Thirst Trap: Lee Pace

You Dames in and around the nerd community probably know who I’m talking about here. From the Marvel Cinematic Universe to ‘The Hobbit’ franchise, and even some incredibly well-remembered television series in recent years, if Lee Pace isn’t on your radar, he fricken’ should be.

Okay, Pushing Daisies!! You haven’t heard of it?!? Well, why have you not? Okay, the incredibly high-concept show from visionary show runner Bryan Fuller ended up being cancelled after a pitiful two seasons… Stupid writers strike. I’m not still bitter about that, or anything…

In fact, it was Pushing Daises which served as my introduction to Lee Pace’s work. The actor starred as Ned, a pie maker in posession of a strange super power. He is able to bring a dead person back to life with a single touch. However, there’s one problem… a second touch from him kills them again. So, after reviving his long-time (murdered!) crush, Ned finds plunged into the most agonizingly adorable of television will-they-or-won’t-they’s with “The Girl Named Chuck”. They never “will”, because they can’t touch… or she’ll die. (Happens in the pilot, not a spoiler!).


Pushing Daisies is a candy-coated collection of everything that is adorable on television: beautiful aesthetics, interesting stories and ridiculously likable performances. Besides Pace, the always adorable Kristen Chenoweth virtually steals the show, and Anna Friel shines as the aformentioned “Girl named Chuck”. The series is available on DVD, and if any of this sounds up your alley, please, please, please check it out. I will never, ever stop singing the praises of Pushing Daisies. The series is a gem of a show, and it disgusts me that it didn’t get more time to gel.

Pushing Daisies was a stellar starting point for this fangirl, plunging me into Lee Pace’s career at just the right time. The actor made a smooth transition to the strangely titled, AMC critical darling Halt and Catch Fire. The series, which documented the rise of computer culture in the early 1980s ran for four seasons, making Pace a mainstay in quality television shows for much of the mid-2010’s.


If these shows don’t sound familiar, chances are you’re still at least somewhat familiar with Pace’s work. The actor quickly found a foothold in some of the biggest franchises to hit movie screens over the last few years. Pace appeared as the sexy (that’s my story, and I’m sticking to it!), but slightly intense Ronan the Destroyer in the first Guardians of the Galaxy film. He’s even sneaking back into the MCU to appear in Captain Marvel. At the same time, Pace stood out as one of the best parts of ‘The Hobbit’ franchise with his sexy antlers (double entendre?) as Legolas senior, Thranduil. Heck, he even ventured into the  ‘Twilight’ uiverse as Garrett (Yes, I watched Breaking Dawn- Pt. II for him). Even while he’s been doing all this, Pace has continued to make solid appearances across independent cinema. Just check out his filmography!

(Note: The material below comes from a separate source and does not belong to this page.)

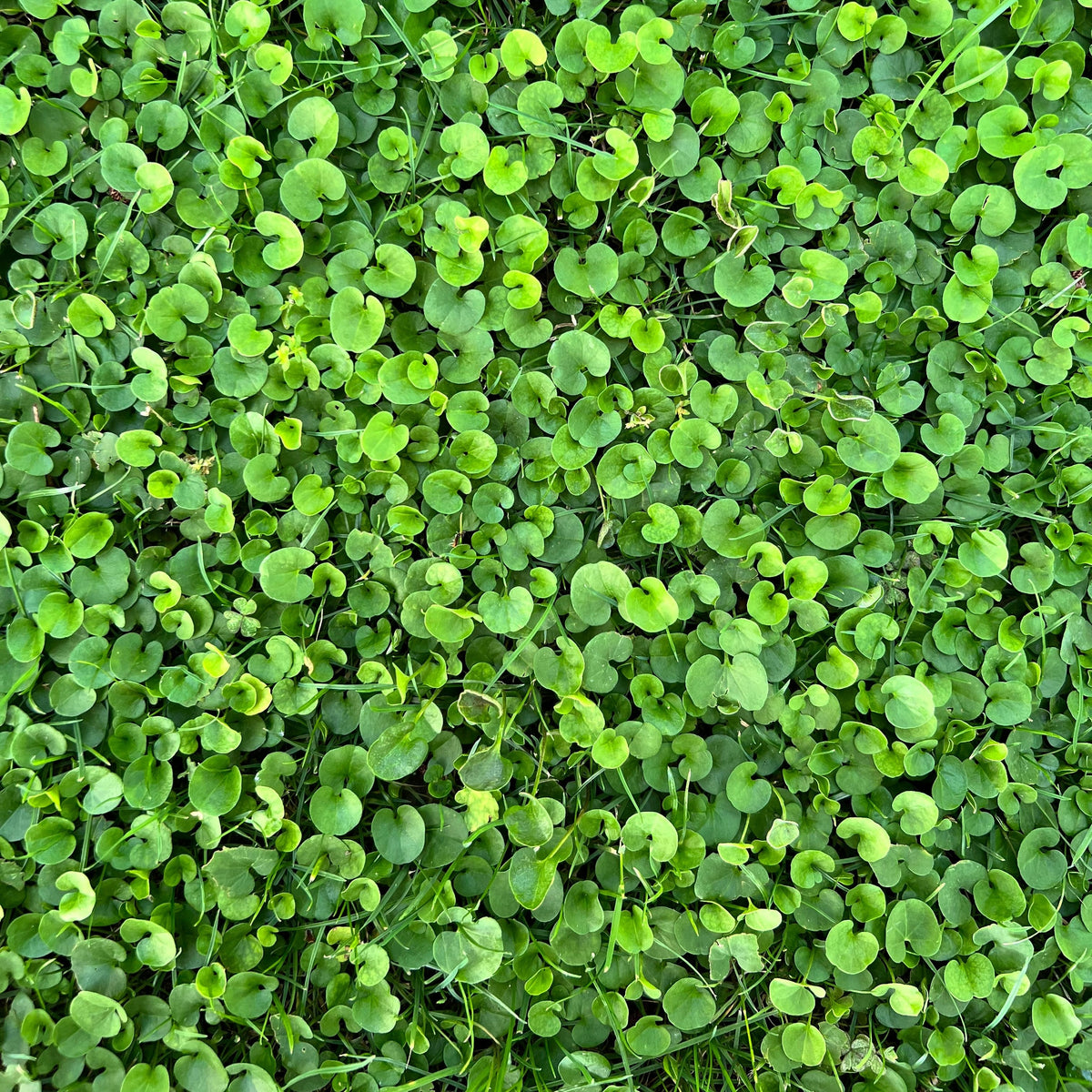 Dichondra Repens - 14cm Pot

Throughout his work, Pace brings an intelligent, relatively soft-spoken persona. This provides a fascinating contrast especially when considering his impressive physical stature. The actor reportedly stands 6 foot 5, and he looks every inch of it. A particularly powerful example of this is his take on Thranduil, cutting an imposing physical presence, but easily conveying the soft-spoken elegance of the elves. As a huge Orlando Bloom fan in high school, I found myself focusing more on his fiction father as I sat through all Hobbit movies. He’s never not adorable… there’s even flashes of Pace’s persona in Guardians of the Galaxy.

Oh yeah… did I mention, he sings too!

While Lee Pace is a name which might not be familiar to all of ever faithful readers, definitely check out his work. The incredibly likable (and oh-so-adorable) actor has been quietly developing his skills and honing his craft across a variety of mediums, and he is always stellar. He’s definitely one which Hollywood should be taking notice of… I’m waiting!